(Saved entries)
·····

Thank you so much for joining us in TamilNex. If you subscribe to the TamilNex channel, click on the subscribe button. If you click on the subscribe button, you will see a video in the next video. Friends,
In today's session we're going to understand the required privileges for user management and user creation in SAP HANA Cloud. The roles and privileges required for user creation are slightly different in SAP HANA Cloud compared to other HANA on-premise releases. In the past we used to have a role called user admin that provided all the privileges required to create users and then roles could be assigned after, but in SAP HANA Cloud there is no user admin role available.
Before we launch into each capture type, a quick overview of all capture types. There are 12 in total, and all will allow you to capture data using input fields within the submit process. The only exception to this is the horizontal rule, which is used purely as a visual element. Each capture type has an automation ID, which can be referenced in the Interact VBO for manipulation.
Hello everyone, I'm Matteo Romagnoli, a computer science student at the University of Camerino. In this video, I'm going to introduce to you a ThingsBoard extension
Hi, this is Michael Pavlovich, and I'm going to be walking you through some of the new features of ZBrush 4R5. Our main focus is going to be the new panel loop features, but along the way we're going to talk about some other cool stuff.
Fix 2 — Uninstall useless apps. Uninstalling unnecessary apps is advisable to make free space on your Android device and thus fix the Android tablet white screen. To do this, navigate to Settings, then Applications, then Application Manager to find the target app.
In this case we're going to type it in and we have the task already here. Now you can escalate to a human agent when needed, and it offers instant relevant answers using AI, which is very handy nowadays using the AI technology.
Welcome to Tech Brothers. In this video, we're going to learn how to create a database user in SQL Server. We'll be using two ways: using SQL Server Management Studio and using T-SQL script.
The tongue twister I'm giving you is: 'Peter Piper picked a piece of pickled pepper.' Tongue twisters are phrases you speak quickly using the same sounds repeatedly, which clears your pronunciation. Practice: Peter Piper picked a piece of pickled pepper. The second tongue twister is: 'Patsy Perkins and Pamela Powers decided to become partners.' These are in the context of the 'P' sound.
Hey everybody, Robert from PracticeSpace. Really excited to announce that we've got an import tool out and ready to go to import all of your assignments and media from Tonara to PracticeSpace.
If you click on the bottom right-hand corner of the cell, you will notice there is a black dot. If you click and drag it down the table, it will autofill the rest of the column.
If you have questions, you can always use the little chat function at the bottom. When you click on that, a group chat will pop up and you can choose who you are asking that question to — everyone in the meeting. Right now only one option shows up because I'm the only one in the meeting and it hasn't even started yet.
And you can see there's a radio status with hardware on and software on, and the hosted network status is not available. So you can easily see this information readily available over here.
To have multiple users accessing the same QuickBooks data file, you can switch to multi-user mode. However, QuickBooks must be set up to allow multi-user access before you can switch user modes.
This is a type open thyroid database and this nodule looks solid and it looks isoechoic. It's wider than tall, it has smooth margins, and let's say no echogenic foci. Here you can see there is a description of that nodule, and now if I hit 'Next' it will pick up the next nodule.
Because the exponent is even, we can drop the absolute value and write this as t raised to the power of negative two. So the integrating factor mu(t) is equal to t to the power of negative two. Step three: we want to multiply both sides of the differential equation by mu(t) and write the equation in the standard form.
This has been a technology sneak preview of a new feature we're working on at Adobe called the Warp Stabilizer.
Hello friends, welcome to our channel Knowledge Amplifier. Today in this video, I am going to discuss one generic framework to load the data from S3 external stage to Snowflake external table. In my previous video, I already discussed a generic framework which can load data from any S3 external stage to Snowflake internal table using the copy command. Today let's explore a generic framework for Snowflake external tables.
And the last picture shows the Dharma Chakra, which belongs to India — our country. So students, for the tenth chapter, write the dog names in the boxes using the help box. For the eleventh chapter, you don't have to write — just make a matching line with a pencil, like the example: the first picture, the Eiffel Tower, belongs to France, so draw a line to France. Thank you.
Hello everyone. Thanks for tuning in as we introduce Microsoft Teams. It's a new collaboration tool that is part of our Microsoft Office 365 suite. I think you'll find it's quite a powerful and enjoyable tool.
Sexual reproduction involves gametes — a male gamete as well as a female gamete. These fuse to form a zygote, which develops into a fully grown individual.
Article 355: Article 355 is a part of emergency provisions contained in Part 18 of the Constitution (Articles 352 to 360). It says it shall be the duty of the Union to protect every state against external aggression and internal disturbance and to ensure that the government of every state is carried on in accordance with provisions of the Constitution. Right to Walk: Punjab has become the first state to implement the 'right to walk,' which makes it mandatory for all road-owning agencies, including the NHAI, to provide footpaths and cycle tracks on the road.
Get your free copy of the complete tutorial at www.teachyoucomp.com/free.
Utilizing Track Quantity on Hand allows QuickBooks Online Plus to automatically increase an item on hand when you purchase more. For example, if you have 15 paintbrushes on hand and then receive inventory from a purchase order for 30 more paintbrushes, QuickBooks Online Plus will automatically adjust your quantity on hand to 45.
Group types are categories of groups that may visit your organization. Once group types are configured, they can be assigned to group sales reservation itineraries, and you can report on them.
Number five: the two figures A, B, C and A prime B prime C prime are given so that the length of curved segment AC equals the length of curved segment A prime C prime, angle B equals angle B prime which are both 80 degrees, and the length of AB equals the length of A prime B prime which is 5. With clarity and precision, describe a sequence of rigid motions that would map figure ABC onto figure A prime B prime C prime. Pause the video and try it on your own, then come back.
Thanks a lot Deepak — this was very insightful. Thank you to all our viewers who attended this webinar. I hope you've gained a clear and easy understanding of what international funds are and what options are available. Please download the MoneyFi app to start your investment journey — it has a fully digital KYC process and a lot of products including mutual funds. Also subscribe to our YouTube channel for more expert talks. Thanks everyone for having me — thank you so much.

·····

◆ Exercise directions ◆
Tally, across the records, each line that contains the word "technology", and answer with nothing except the count.

◆ Answer box ◆
2